SHARES in Edinburgh financial services giant Standard Life Aberdeen fell by six per cent yesterday after Japanese banking group Mitsubishi UFJ Trust and Banking Corporation offloaded its entire holding in the business for a discounted price.
Though shares in the business had been trading at 249.5p on Thursday, the £349.3 million raised by the Japanese group meant that investors had been able to acquire Standard Life Aberdeen’s shares for an average price of 235p.
Shares in the group, which was formed via the August 2017 merger of Standard Life with Aberdeen Asset Management, opened 5.5% down as a result and continued to fall over the course of the day yesterday.

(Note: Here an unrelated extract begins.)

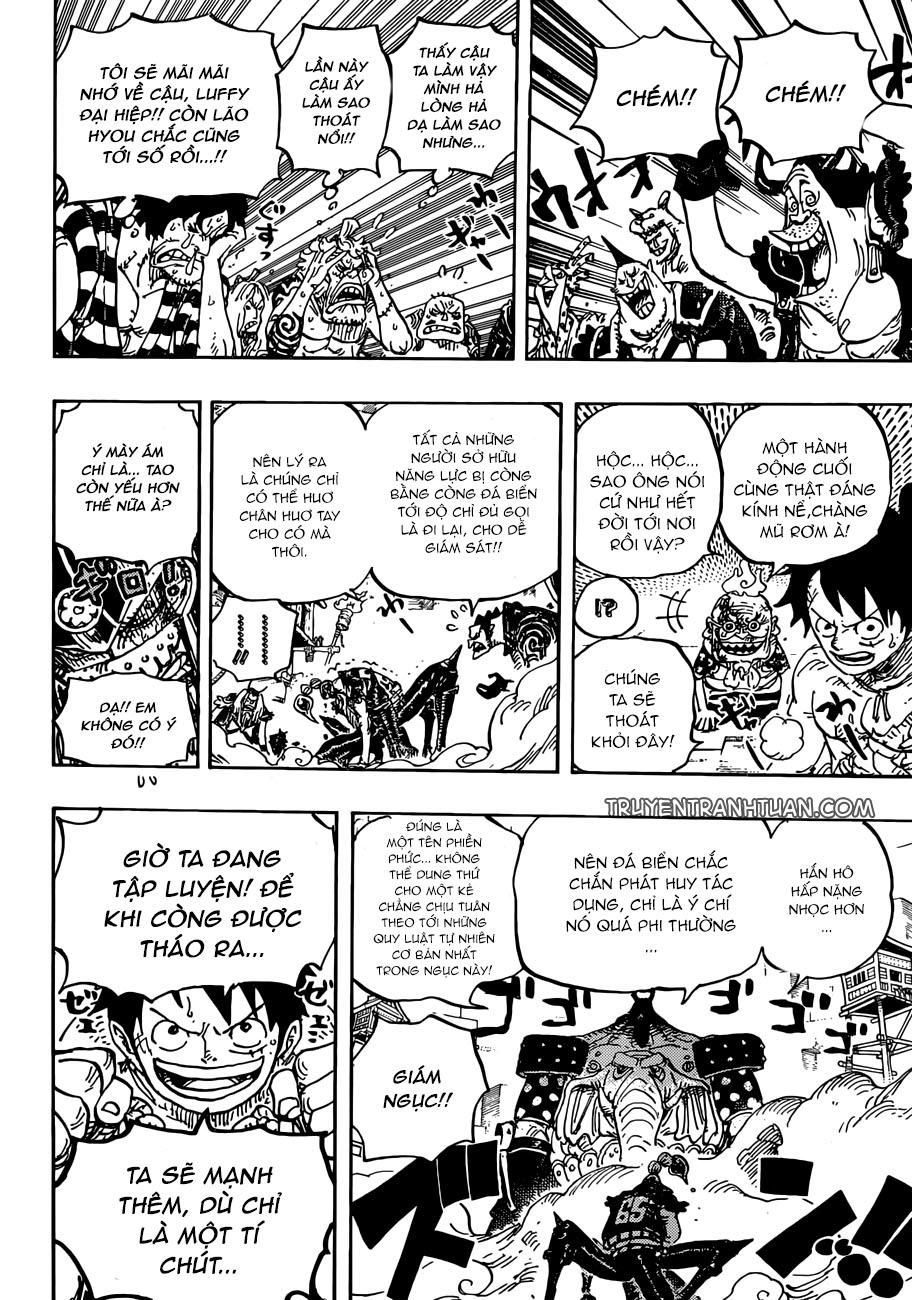 One Piece Tập 935 - Trang 6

They are now trading 45% lower than they were on the day the merger completed, with the group last year embarking on a share buyback programme in a bid to shore up their value.
In a statement Tokyo-headquartered Mitsubishi UFJ said it was offloading its 6% position in Standard Life Aberdeen as part of a wider corporate plan unveiled by parent Mitsubishi UFJ Financial Group in 2017. That has seen it “conduct a review of existing strategic investments”.

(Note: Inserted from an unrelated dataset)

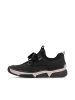 rieker Slipper in schwarz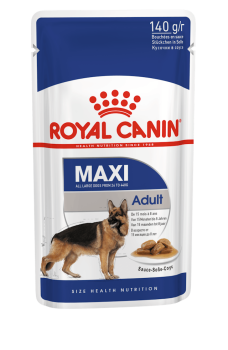 Royal Canin Maxi Adult Gravy Yetişkin Köpek Yaş Maması 140 Gr 10 Lu - 2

The sale also came after Mitsubishi UFJ last year signalled its intent to become a player in the asset management space in its own right.
In October the business confirmed that it is going to acquire Colonial First State Global Asset Management from Commonwealth Bank of Australia in a deal that is expected to close by the middle of this year.
Standard Life Aberdeen continues to manage a multi-billion pound portfolio of mainly pension money on behalf of Mitsubishi UFJ.